Tom Goldtooth is very concerned about what is happening in the United States. "We are witnessing the collapse of capitalism," he says. He came to Guatemala to join with other Indigenous peoples across that Americas in opposition to "a neoliberal system that is not working and continues to oppress our people." He encouraged participants at the forum not to forget Indigenous peoples who are often at the front lines of struggles against mineral extraction and other devastating impacts of capitalism. Rose Brewer of Afro-Eco echoed the importance of engaging these issues, particularly those concerning free trade. "These are issues that have sometimes have been addressed but it is very clear here that both south-to-south and south-to-north fights against the FTAA have been successful." Brewer further pointed to Venezuela's Bolivarian Alternative for the Americas (ALBA) as an encouraging development.

Closing March

By the time of the closing march on Sunday, many international delegates had already returned home. As a result, the march become a primarily Maya Guatemalan event. The best organized delegations were from the Via Campesina-affiliated Comité de Unidad Campesino (CUC, Committee of Peasant Unity) and Consejo Nacional de Indígenas y Campesinos (CONIC, National Council of Indigenous and Peasant Peoples).

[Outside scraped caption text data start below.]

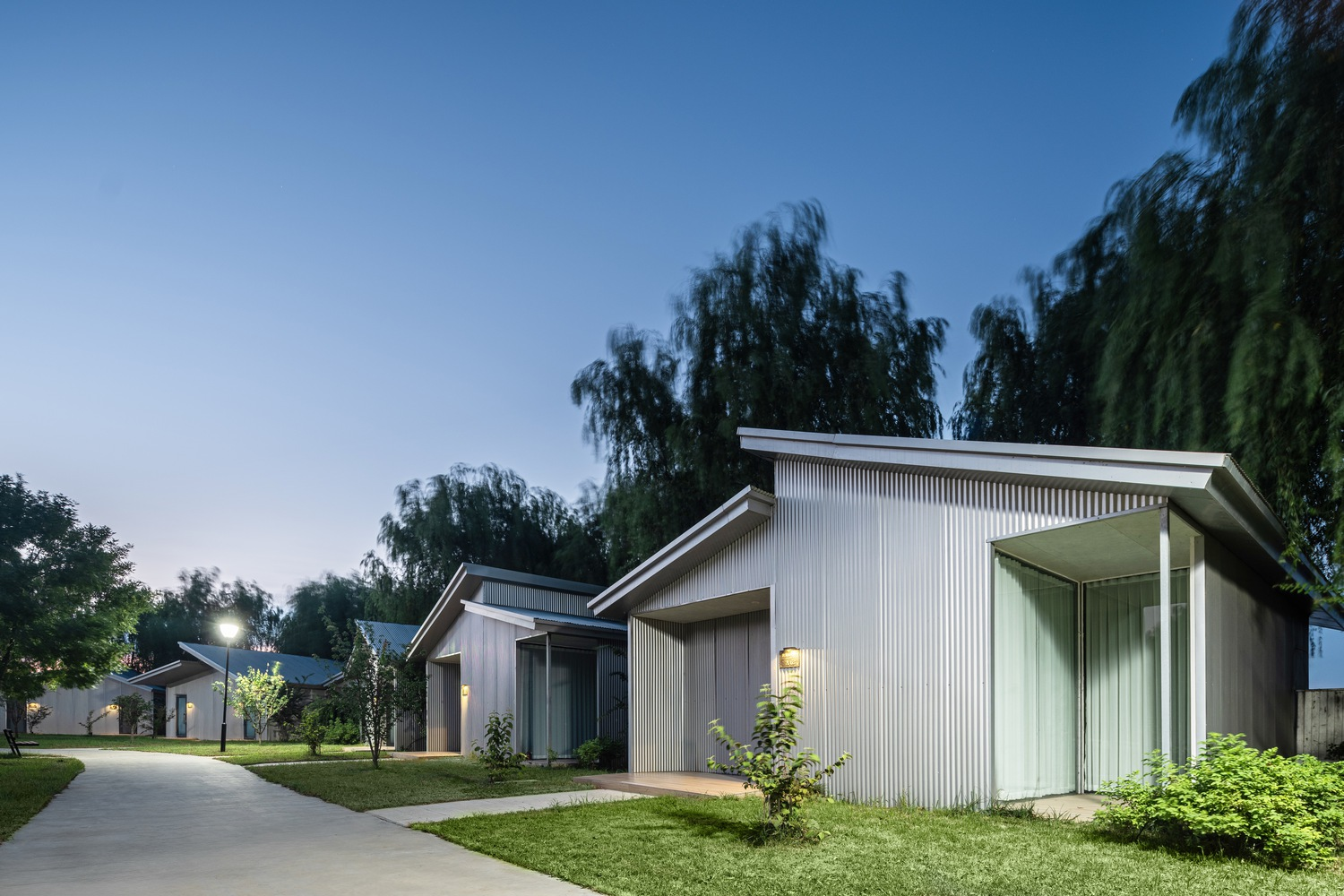 Ribbed metal facade with overhanging eaves and young trees in twilight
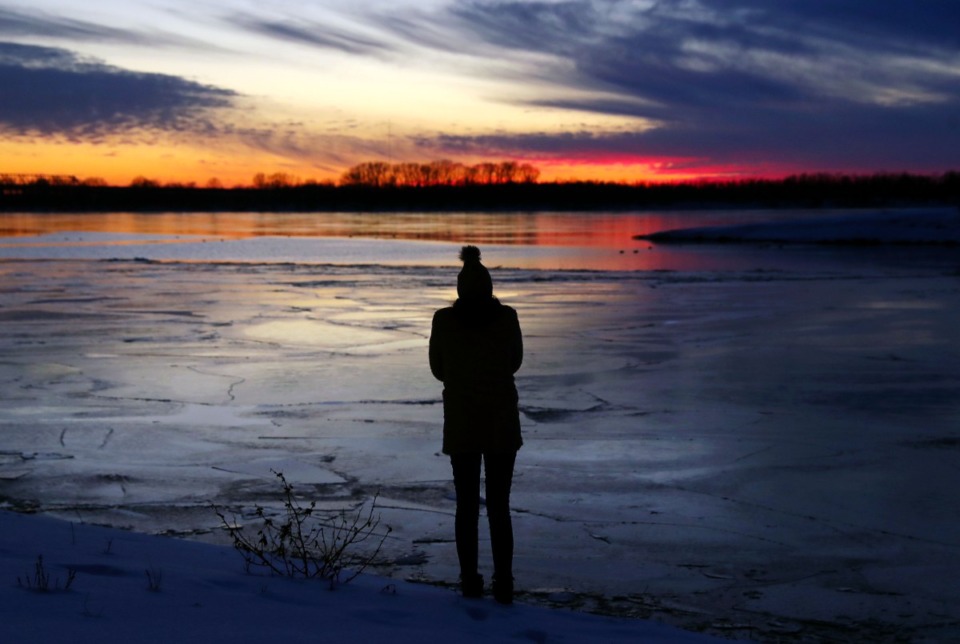 <strong>Bridget McCall watches the sunset over an icy Mississippi River in Memphis, Feb. 19, 2021. A 10-day cold front brought record snowfall and freezing temperatures to the region.</strong> (Patrick Lantrip/The Daily Memphian)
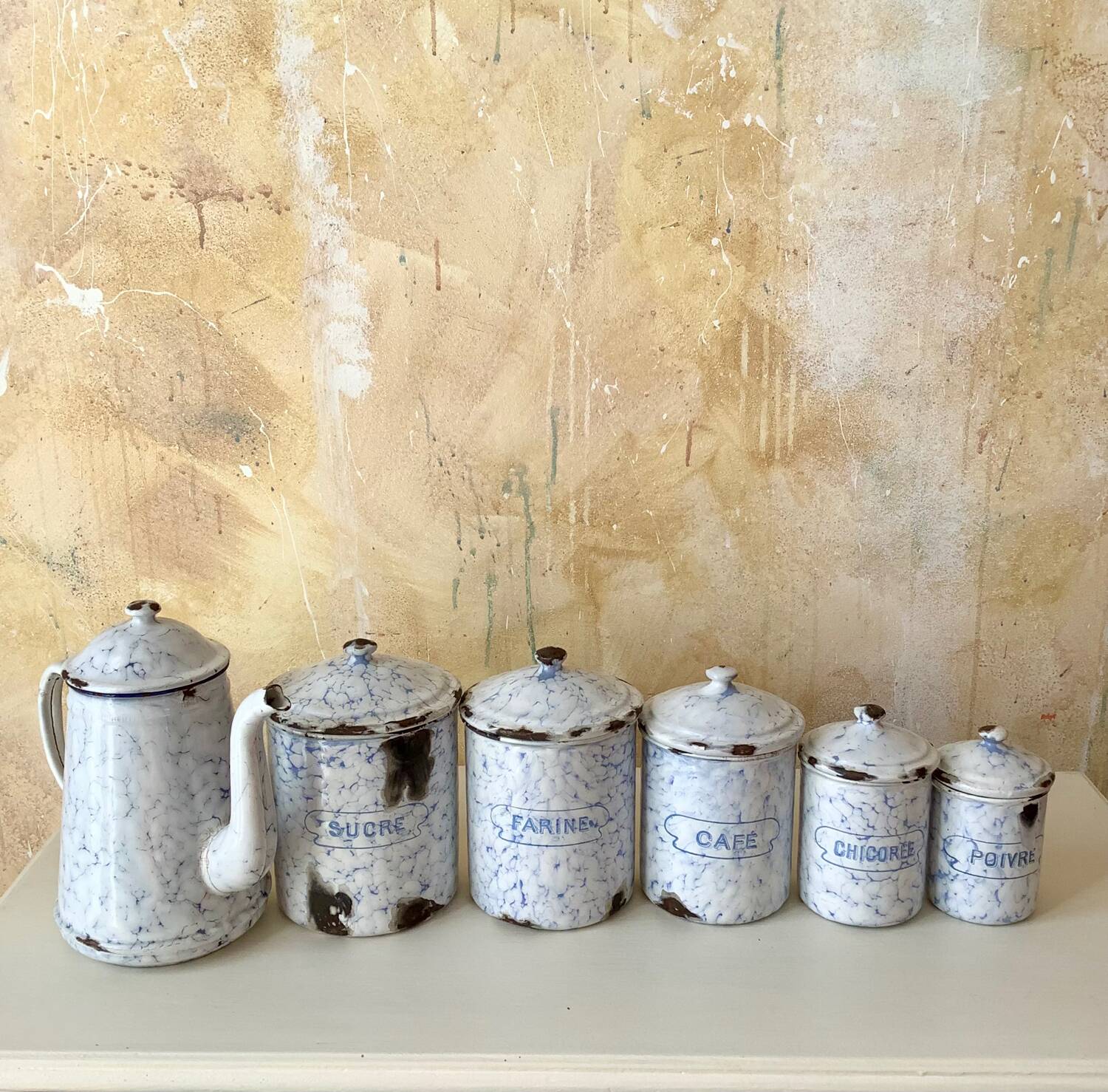 Spice jars and coffee maker in enameled sheet metal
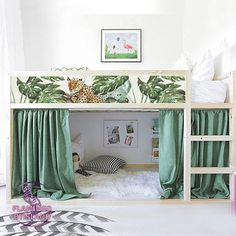 there is a bunk bed with curtains on the top and bottom, next to an animal themed wallpaper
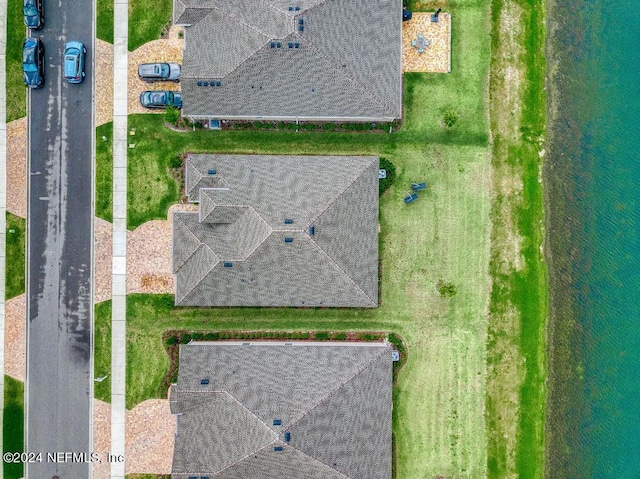 bird's eye view with a water view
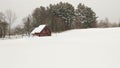 Pristine snowy field and red barn Royalty Free Stock Photo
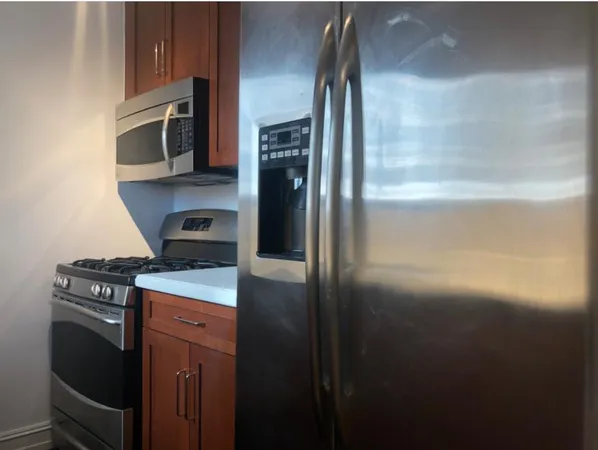 a kitchen with stainless steel appliances granite countertop a refrigerator a stove and a sink with wooden floor
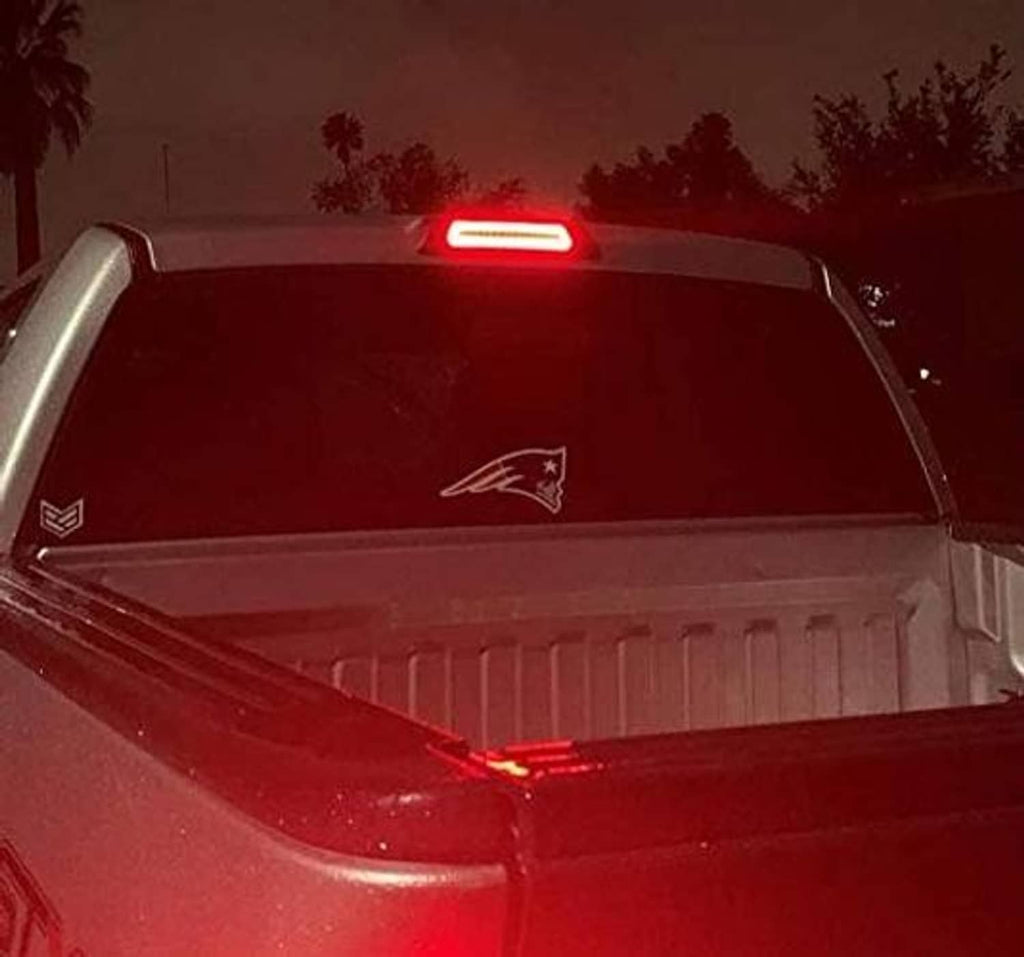 Close-up of red LED high mount third brake light with clear lens strip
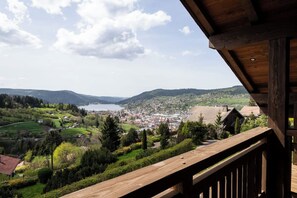 A wooden balcony overlooking a town with a lake and hills.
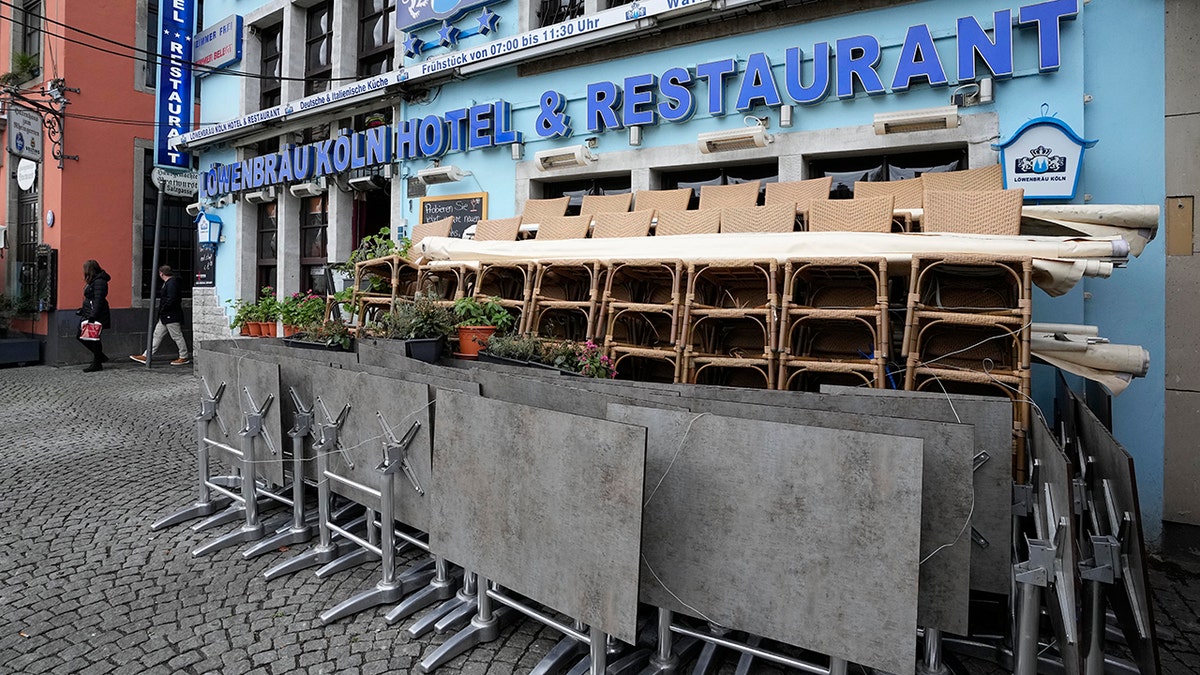 A closed hotel and restaurant is pictured in Cologne, Germany, Friday, Jan. 7, 2022. New corona measures are expected from a meeting of German governors and the federal government today to fight the COVID-19 pandemic.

The march was advertised as a continent march of resistance of Indigenous peoples and nationalities of Abya Yala (the Americas), but explicitly Indigenous organizations had a relatively minimal presence. For example, the Coordinación y Convergencia National Maya (Waqib' Kej, or National Maya Coordination and Convergence) who had organized many of the Indigenous events had only a small delegation. CAOI, the primary co-organizer of events in the Iglu, was largely absent, with the significant exception of lead organizer Roberto Espinoza reading a document drafted at the meeting on the main stage at the closing rally.

The Third Indigenous Summit held in March 2007 similarly ended with a massive march on Guatemala City's main square. At that closing rally, as the sun set and a gorgeous full moon rose over the national palace, organizers launched three hot air balloons, two with the rainbow colors of the Indigenous flag. As the 2008 rally drew to a close in the early afternoon, organizers similarly attempted to launch hot air balloons. Wind gusts caught the first one, and it began to burn as it rose in the air. The second one burned even before it got off of the launch pad.

The 2008 Americas Social Forum was unique and successful, but that does not mean that it does not still face challenges that need to be overcome. Nevertheless, social forums still have an important role to play, and the future of the social forum process is promising.